» PROMPT
Every line from the one with "Malachite Crystal |" through the last line below should be repeated exactly; pictures stay out of the copy.

» INFORMATION SHOWN
◇ ◇ ◇ ◇

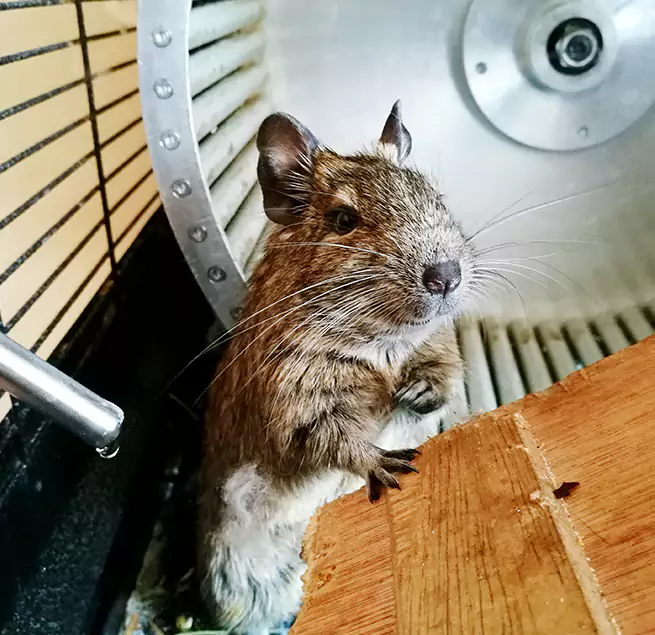 Why Homeowners & Businesses Trust Us Del Rio, TX?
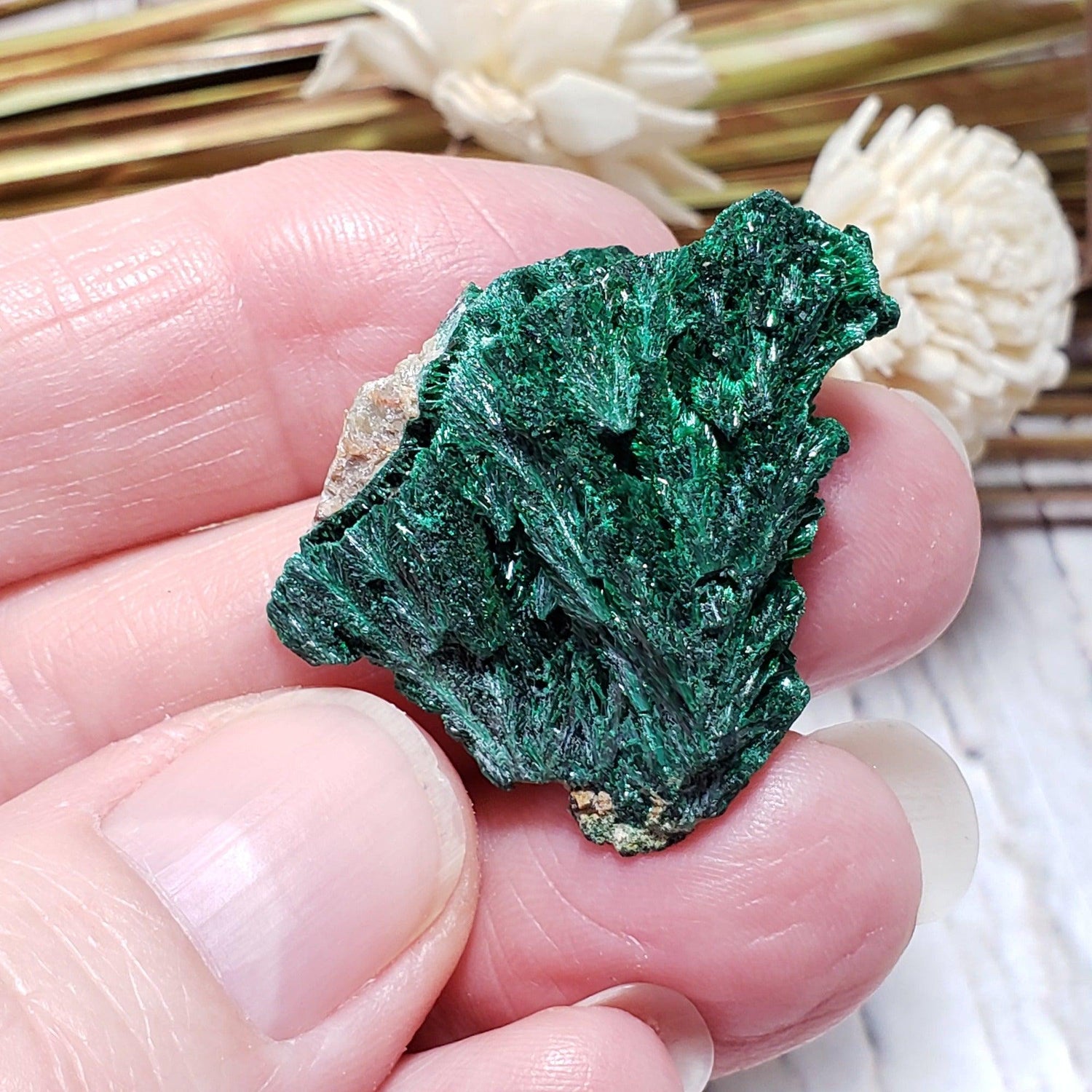 Malachite Crystal | Fibrous Malachite |13 Grams | Shaba Copper Belt, Congo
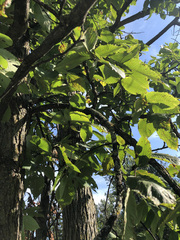Ulmus thomasii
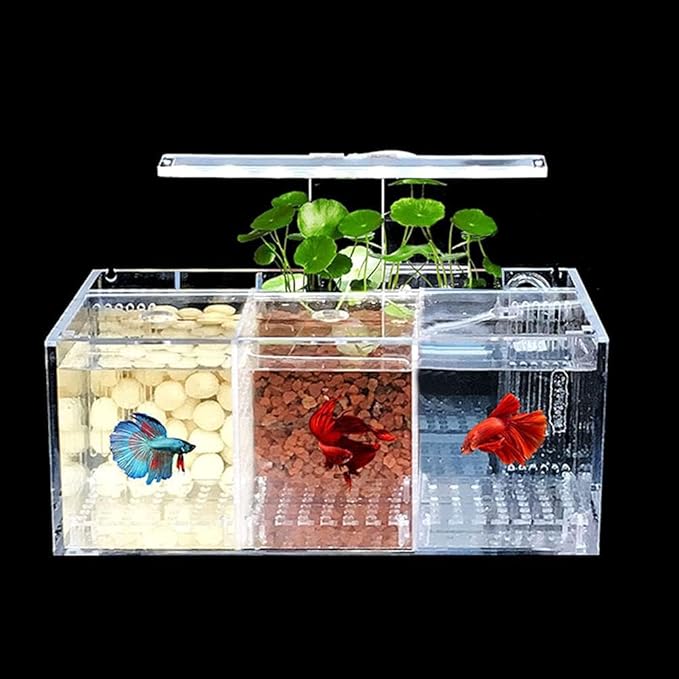 Acrylic LED Aquarium, Professional Betta Fish Tank, Transparent Aquarium Starter Kits, Ultra Clear Acrylic Fish Bowl, Rimless Desktop Betta Fish Tank,3 Room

◇ ◇ ◇ ◇

» ANSWER BELOW
 Malachite Crystal | Fibrous Malachite |13 Grams | Shaba Copper Belt, Congo
Ulmus thomasii
 Acrylic LED Aquarium, Professional Betta Fish Tank, Transparent Aquarium Starter Kits, Ultra Clear Acrylic Fish Bowl, Rimless Desktop Betta Fish Tank,3 Room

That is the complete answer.